Nun, ganz so generell will Bauernobmann Matthias Vodermeier die Sache nicht abtun, aber auch er hat eine ganz klare Meinung: "Eigentlich gehört die gesamte Agrarpolitik in die Tonne geklopft und neu angefangen", sagt er und meint die Politik der vergangenen Jahrzehnte. Es sei nicht speziell die Ampelregierung, gegen die hier protestiert werde, betont er. In der Landwirtschaft laufe die Sache doch schon viel länger schief. Die jüngsten Beschlüsse hätten das Fass jetzt nur zum Überlaufen gebracht. Aber überbordende Bürokratie, Bevormundung, Widersprüchlichkeiten in der Gesetzgebung, das gebe es doch schon länger.

Da seien zum Beispiel die Tierwohlvorschriften, die kollidierten auf der anderen Seite mit dem Baugesetzbuch. Wenn man sich als Landwirt an die Vorgaben halte und versuche, einen neuen Stall zu bauen, bremsten einen auf der anderen Seite die Emissionsvorschriften im Baugesetz aus. Stefan Großmann, auch er Landwirt und ehemaliger Bauernobmann in Hergolding, steht neben Vodermeier zwischen zwei Traktoren und nickt. In der Regel, erklärt er, plane man in der Landwirtschaft auf 20 bis 25 Jahre. Wenn aber dann die Rahmenbedingungen alle zehn Jahre geändert würden, müsse der Bauer damit auch klarkommen. "Und so ist es andauernd", schimpft er. Es werde viel zu wenig mit den Bauern gesprochen, mit denen, die sich auskennen. "Wir wollen die bäuerliche Landwirtschaft erhalten, auch die kleinen Betriebe."

Aber es werde dank der Vorschriften immer schwieriger für kleine Landwirte, gewinnbringend zu wirtschaften. Beispiel Flächenstilllegungen: Vier Prozent der Fläche ohne Kompensation still zu legen laut EU-Vorschrift, wie solle das ein Kleinbetrieb leisten? Die Folge sei, dass jene aufgäben, ihre Flächen verkauften, die dann von den Größeren mitbewirtschaftet werden müssten. "Schauen Sie, in Hergolding gab es mal 15 Bauern, jetzt sind wir nur noch zu acht".
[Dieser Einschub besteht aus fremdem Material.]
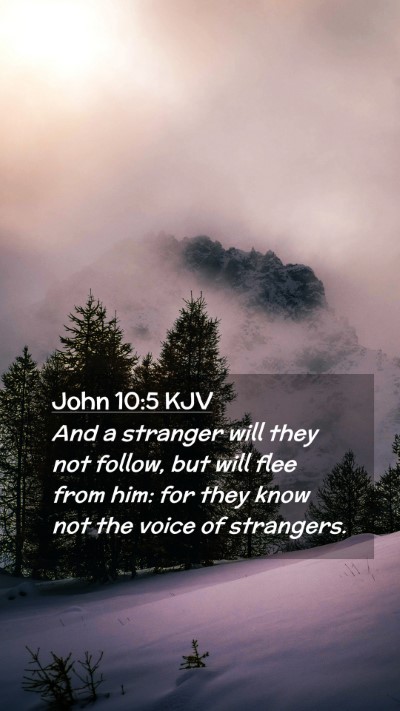 Picture 02 - John 10:5 KJV Mobile Phone Wallpaper - And a stranger will they not follow, but will - Mobile Bible Verse Wallpaper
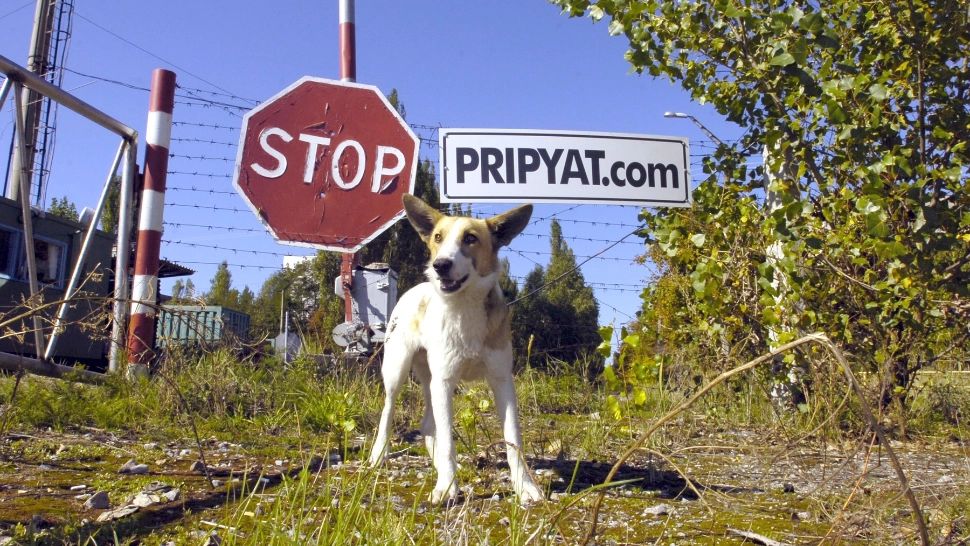 Misterul câinilor și lupilor de la Cernobîl. Sunt primele ființe MUTANTE care au capacități nebănuite?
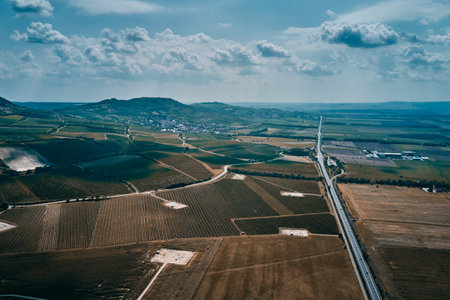 aerial view of beautiful green agricultural fields in germany.の写真素材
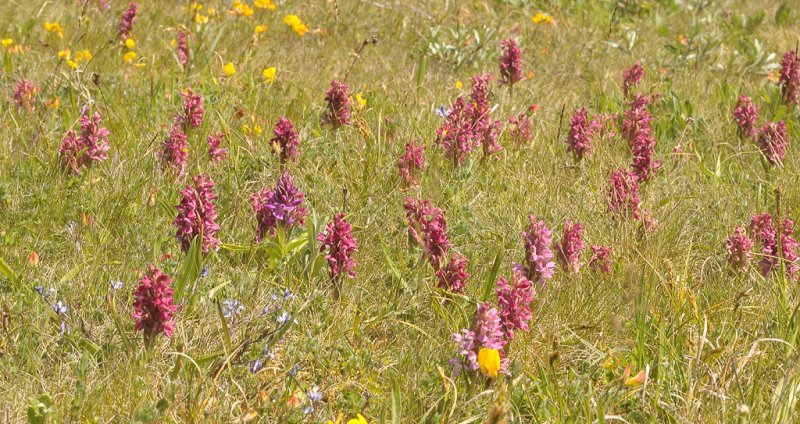 Dactylorhiza incarnata subsp. coccinea. In habitat.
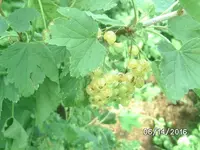 Johannisbeeren.JPG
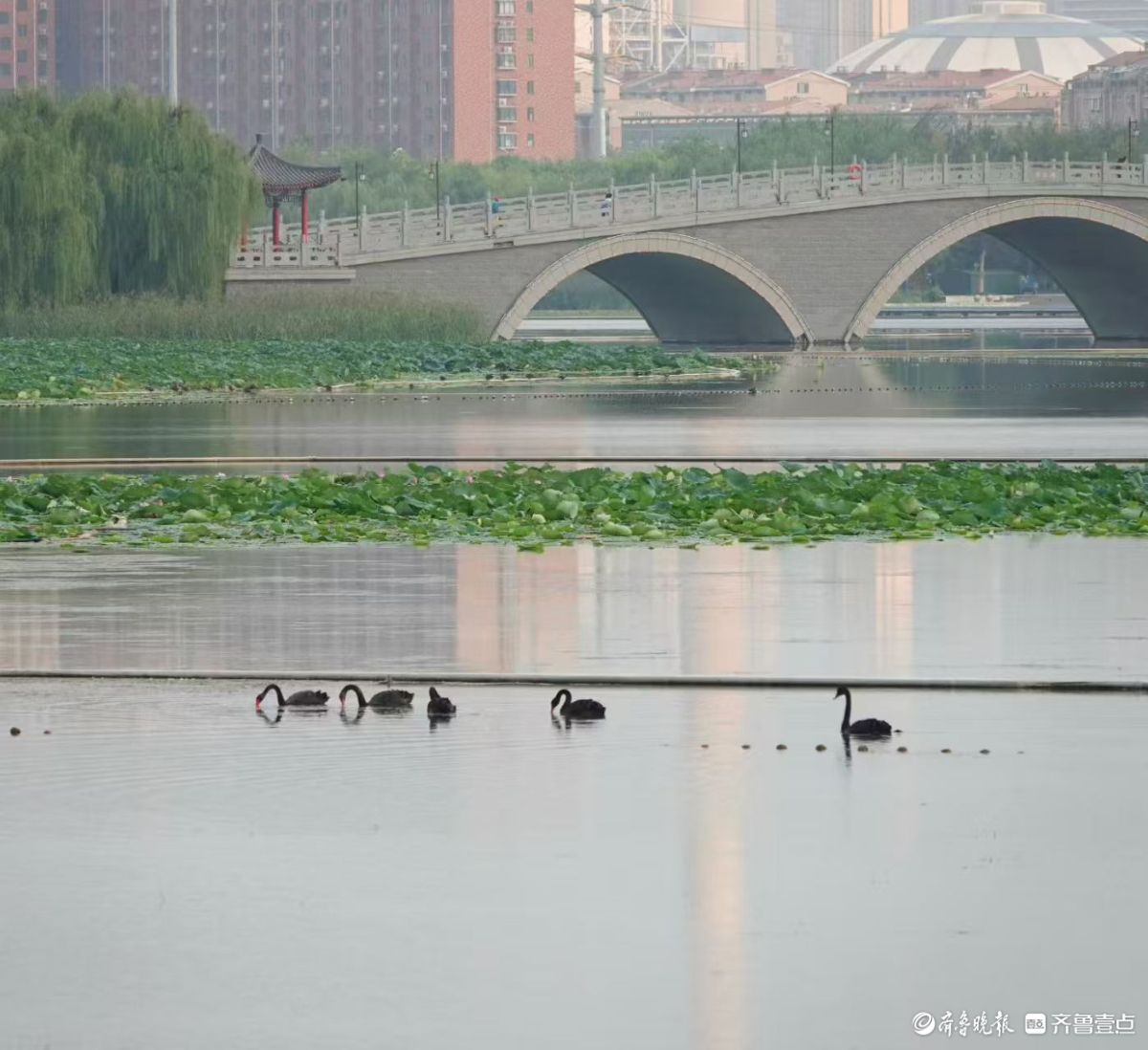  行摄华山——湖中飞来黑天鹅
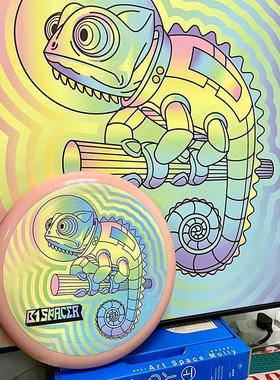 P2R×ARCTONG 户外极限运动回旋专业竞技175g成人青少年盘私人定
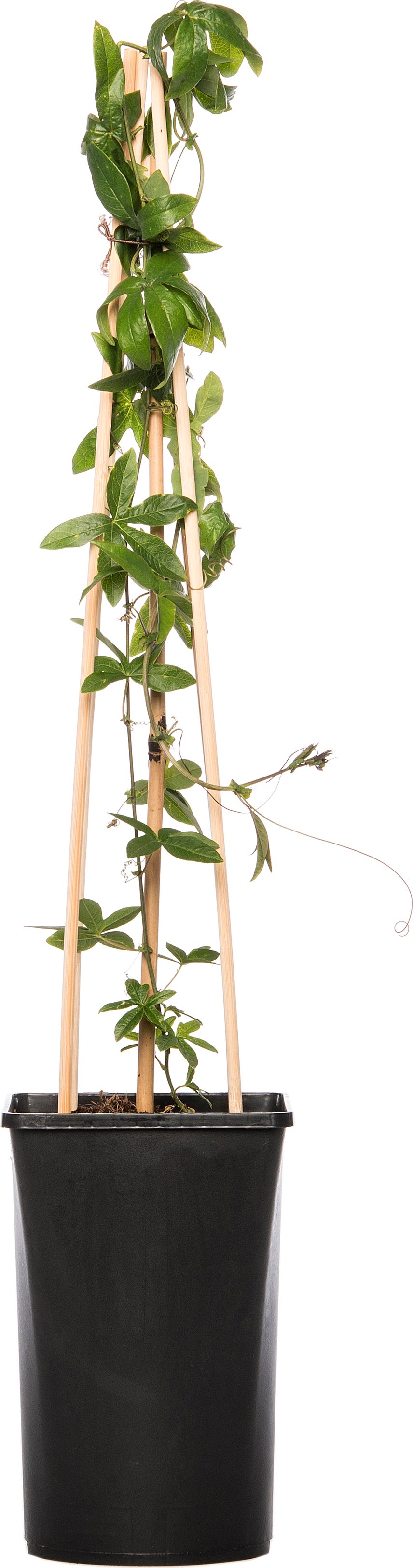 Passiebloem (Passiflora caerulea) H 50-60 cm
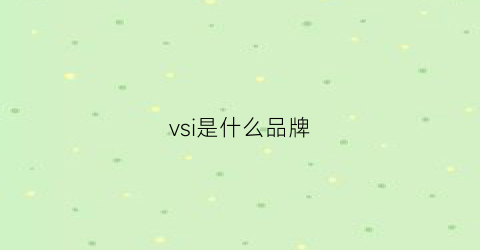 vsi是什么品牌(vsve是什么品牌)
In Hergolding sammeln sich am Vormittag die ersten Bauern, die von Norden her zum zentralen Treffpunkt in Zorneding fahren wollen. (Foto: Alexandra Leuthner/oh)

Und dass man sich als Bauer überwachen lassen müsse, was und wo man anpflanze, per GPS mittlerweile und einer App, in die man sich einloggen muss, das steht bei Vodermeier, wie unschwer zu überhören ist, ganz oben auf der Liste der Gemeinheiten. "Gerade ältere Leute, die wissen doch gar nicht, wie sie das machen sollen. Die müssen dann wieder jemand damit beauftragen - auch das kostet."

Mit dem Zukunftsvertrag zwischen den Bauern und der Staatsregierung habe man in Bayern jetzt immerhin schon etwas erreicht. Darin verpflichtet sich die Staatsregierung unter anderem, "auf Bundesebene" darauf hinzuwirken, die Planungssicherheit insbesondere für tierhaltende Betriebe zu verbessern. Aber es müsse mehr passieren.

Die Kreisstadt liegt schon hinter dem nördlichen Zug, da, wo die St2089 von Grafing her auf die Ebersberger Umgehung trifft, ist das große Einfädeln geplant. Am Ende sind es gut 150 Traktoren, die sich auf der B204 Richtung Kirchseeon und Zorneding bewegen. (Foto: Christian Endt)

Und das wird es wohl auch. Wenn Bayern mit seiner Initiative im Bundesrat scheitere, im Zuge der Entscheidungen zum Bundeshaushalt am 2. Februar die Kürzungen für die Landwirtschaft zu stoppen, darunter die Streichung der Agrardieselrückerstattung, dann gehe er davon aus, dass die Proteste weitergehen werden, sagt Vodermeier.

Für manche Bauern ist es die Agrarpolitik insgesamt, die sie kritisieren, manche wären schon glücklich, wenn die Ampel nicht mehr regieren würde. (Foto: Christian Endt)

Die sich an diesem Freitagmorgen durch den gesamten Landkreis zogen. Etwa 25 Traktoren verließen gegen 12 Uhr Hergolding, fuhren durch Anzing, Schwaberwegen, den Forst und die Kreisstadt Ebersberg, sammelten überall weitere Teilnehmer auf und vereinigten sich auf der B304 mit einem weiteren Zug, der von Süden her herangezogen war. Am Schluss waren es mindestens gut 150 Traktoren, die sich in Zorneding zusammenfanden - um sich dann wieder zu zerstreuen.